Action item → Return all the entries exactly, keeping pictures out.
Data for processing Start Marker
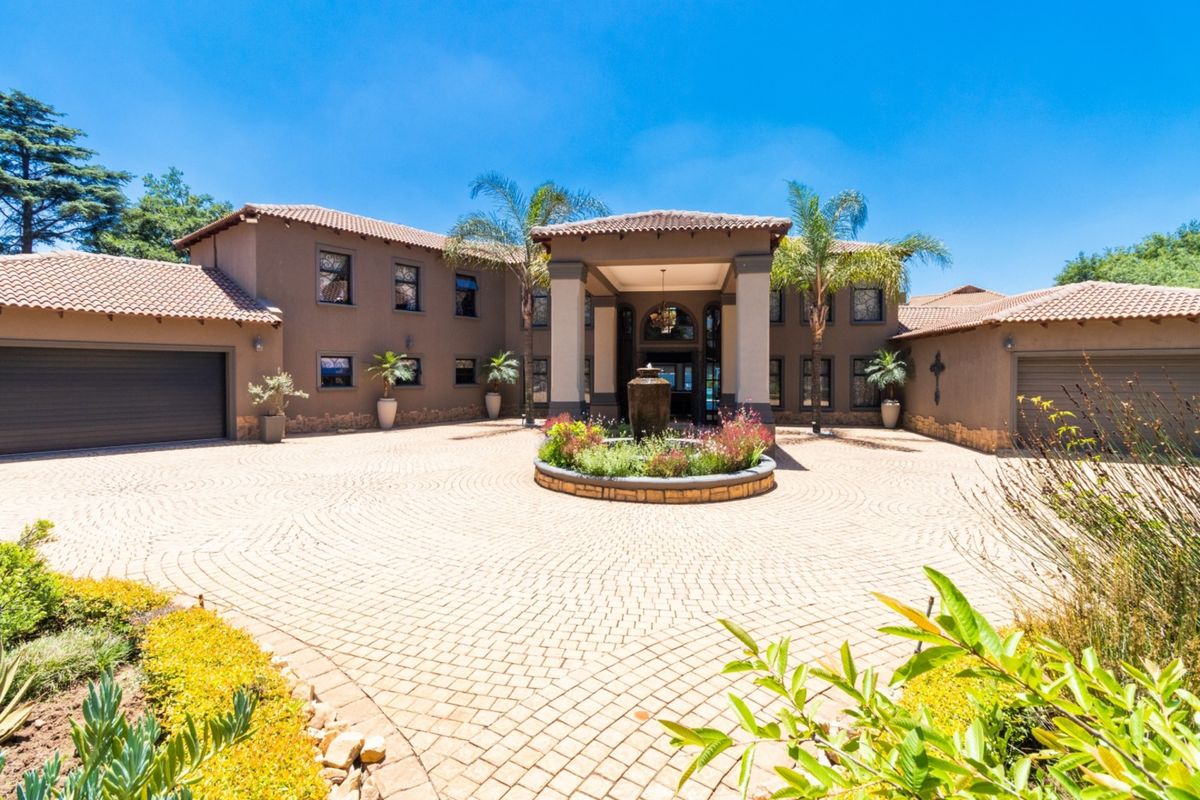 House For Sale In Benoni - Photo 2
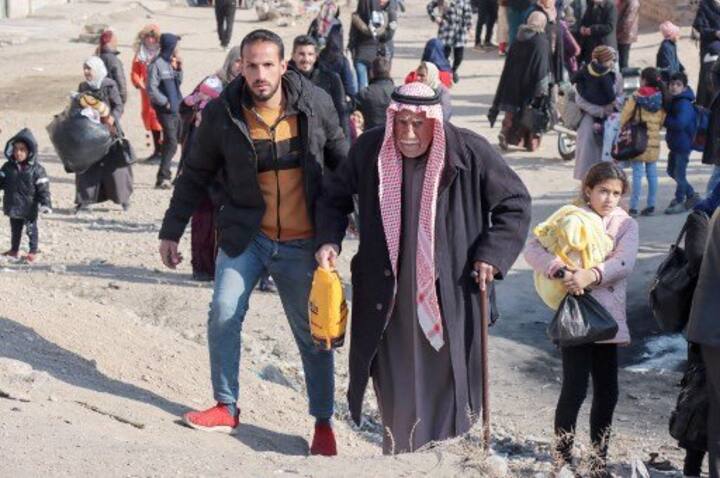 Syria: 90 killed as fighting between Islamic State, Kurd forces rages for third day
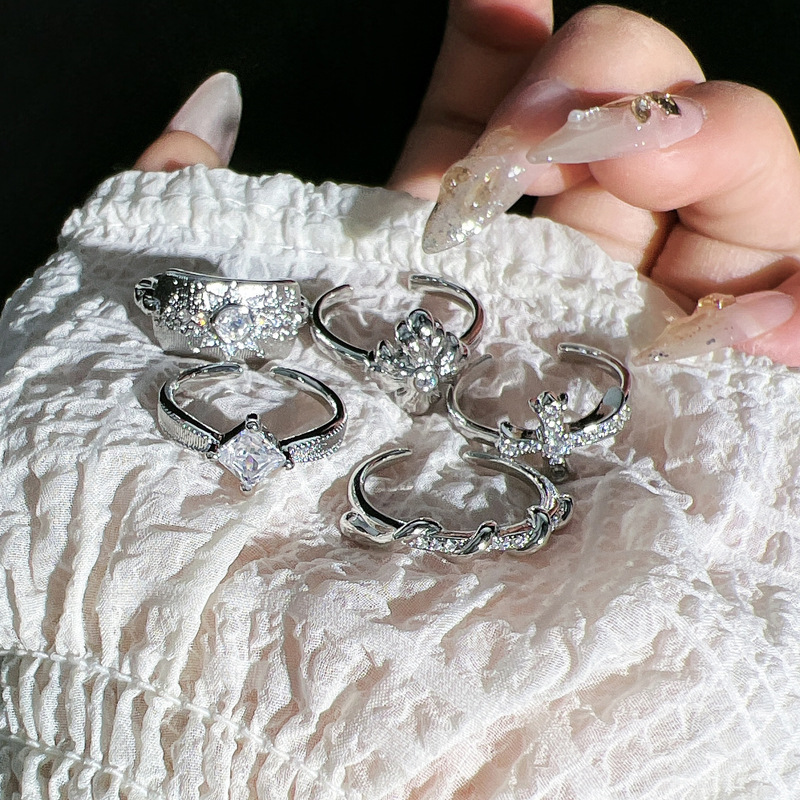 A simple and fashionable iris cross open ring with a cold and elegant style for women, exuding a sense of luxury and sophistication. It's a niche index finger ring details Picture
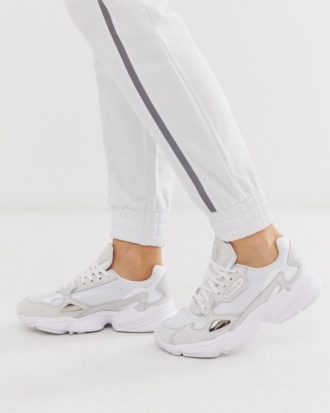 adidas Originals - Falcon - Sneaker in Triple-Weiß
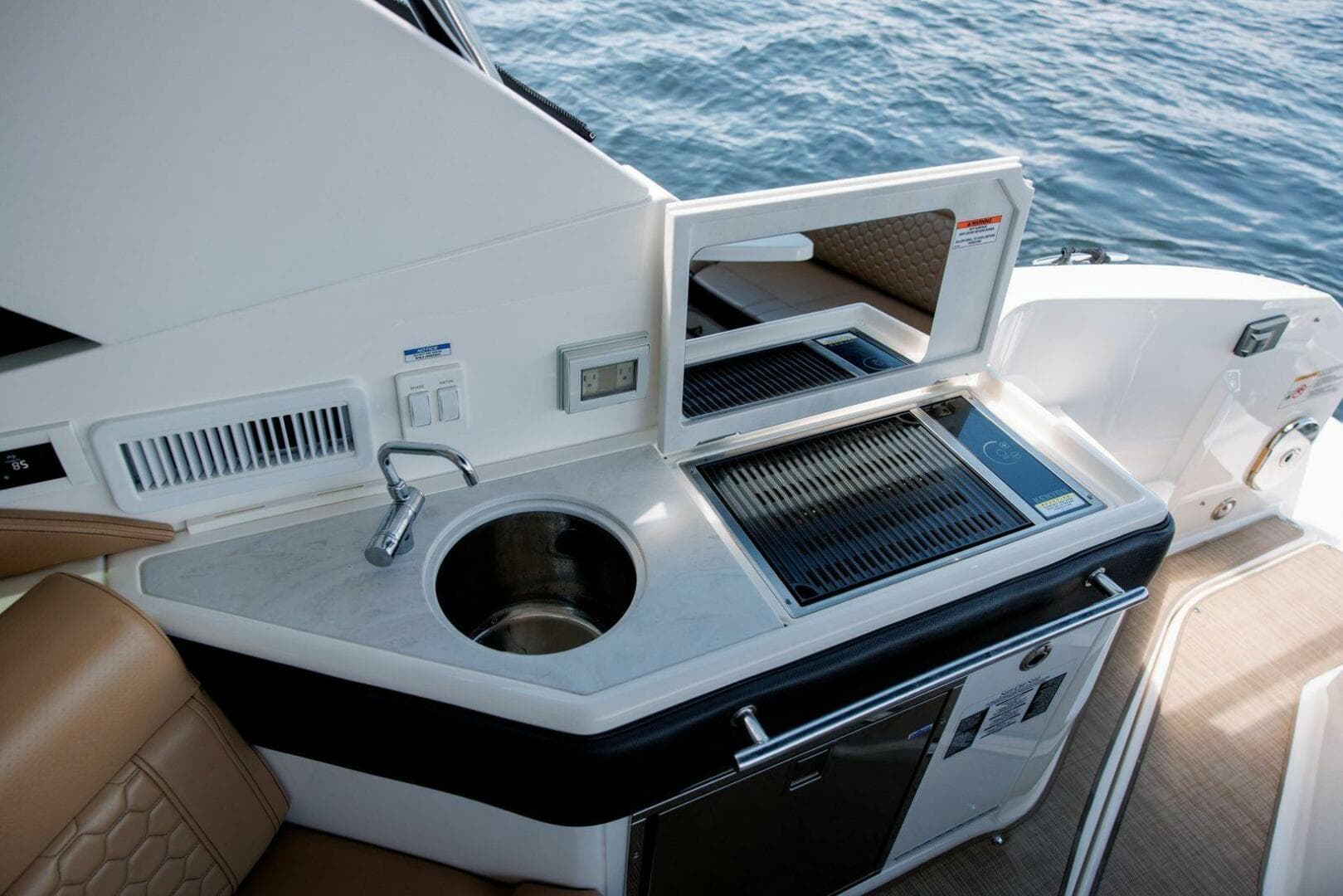 2022 Sea Ray 320 Sundancer OB — photo 9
Data for processing End Marker
The answer →
 House For Sale In Benoni - Photo 2
 Syria: 90 killed as fighting between Islamic State, Kurd forces rages for third day
 A simple and fashionable iris cross open ring with a cold and elegant style for women, exuding a sense of luxury and sophistication. It's a niche index finger ring details Picture
 adidas Originals - Falcon - Sneaker in Triple-Weiß
 2022 Sea Ray 320 Sundancer OB — photo 9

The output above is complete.